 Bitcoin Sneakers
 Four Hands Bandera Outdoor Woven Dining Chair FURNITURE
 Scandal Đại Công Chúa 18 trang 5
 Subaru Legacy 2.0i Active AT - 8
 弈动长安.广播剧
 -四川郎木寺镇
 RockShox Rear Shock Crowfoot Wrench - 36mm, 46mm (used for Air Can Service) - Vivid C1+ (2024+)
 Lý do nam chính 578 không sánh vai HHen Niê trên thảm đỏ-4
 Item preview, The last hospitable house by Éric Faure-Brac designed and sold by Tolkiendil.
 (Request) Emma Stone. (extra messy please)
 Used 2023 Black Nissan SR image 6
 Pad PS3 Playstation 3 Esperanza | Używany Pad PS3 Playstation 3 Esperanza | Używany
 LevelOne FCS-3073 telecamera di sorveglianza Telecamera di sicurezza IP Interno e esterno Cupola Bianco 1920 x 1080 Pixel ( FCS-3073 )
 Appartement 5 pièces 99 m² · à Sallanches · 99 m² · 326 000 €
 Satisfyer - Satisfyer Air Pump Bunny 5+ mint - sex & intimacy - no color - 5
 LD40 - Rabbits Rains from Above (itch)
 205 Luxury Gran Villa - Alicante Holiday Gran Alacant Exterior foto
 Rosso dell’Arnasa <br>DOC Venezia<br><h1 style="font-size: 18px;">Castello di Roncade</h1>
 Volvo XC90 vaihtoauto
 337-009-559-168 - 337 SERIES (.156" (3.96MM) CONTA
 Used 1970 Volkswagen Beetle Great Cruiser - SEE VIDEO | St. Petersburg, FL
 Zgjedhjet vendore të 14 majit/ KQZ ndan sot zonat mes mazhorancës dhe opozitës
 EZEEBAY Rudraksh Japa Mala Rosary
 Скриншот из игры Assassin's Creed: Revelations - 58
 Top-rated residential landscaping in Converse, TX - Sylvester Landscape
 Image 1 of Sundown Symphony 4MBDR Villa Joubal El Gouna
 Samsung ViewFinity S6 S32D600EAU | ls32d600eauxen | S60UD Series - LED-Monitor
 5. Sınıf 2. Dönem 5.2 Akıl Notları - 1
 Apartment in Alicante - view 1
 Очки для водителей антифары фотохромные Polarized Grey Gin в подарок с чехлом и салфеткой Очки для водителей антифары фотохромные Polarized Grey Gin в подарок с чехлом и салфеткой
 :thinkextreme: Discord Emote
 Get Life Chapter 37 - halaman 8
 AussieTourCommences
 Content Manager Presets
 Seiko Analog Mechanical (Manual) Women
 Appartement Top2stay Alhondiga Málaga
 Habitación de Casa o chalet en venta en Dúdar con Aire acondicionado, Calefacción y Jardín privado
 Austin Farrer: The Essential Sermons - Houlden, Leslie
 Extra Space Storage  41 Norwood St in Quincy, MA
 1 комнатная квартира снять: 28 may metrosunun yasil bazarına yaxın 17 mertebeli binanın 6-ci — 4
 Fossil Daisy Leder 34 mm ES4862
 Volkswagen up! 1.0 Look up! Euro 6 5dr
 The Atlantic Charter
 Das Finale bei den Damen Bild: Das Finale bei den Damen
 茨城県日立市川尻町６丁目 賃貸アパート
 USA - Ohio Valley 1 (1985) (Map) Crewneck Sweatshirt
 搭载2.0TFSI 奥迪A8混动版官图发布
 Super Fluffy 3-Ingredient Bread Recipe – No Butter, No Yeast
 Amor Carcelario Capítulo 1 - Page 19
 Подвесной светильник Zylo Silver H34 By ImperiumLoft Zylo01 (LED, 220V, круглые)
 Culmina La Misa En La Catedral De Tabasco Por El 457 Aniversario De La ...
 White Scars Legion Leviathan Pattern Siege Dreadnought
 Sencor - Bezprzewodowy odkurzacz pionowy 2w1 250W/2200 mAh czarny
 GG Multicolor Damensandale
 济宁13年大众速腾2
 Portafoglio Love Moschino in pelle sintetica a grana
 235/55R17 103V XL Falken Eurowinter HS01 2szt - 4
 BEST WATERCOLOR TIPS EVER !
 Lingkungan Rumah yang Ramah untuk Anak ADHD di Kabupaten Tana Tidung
--------------------------------
**Your instructions**
Read through the entries, then copy every line where the string "Volkswagen" is found.

**Problem solution**
 Used 1970 Volkswagen Beetle Great Cruiser - SEE VIDEO | St. Petersburg, FL
 Volkswagen up! 1.0 Look up! Euro 6 5dr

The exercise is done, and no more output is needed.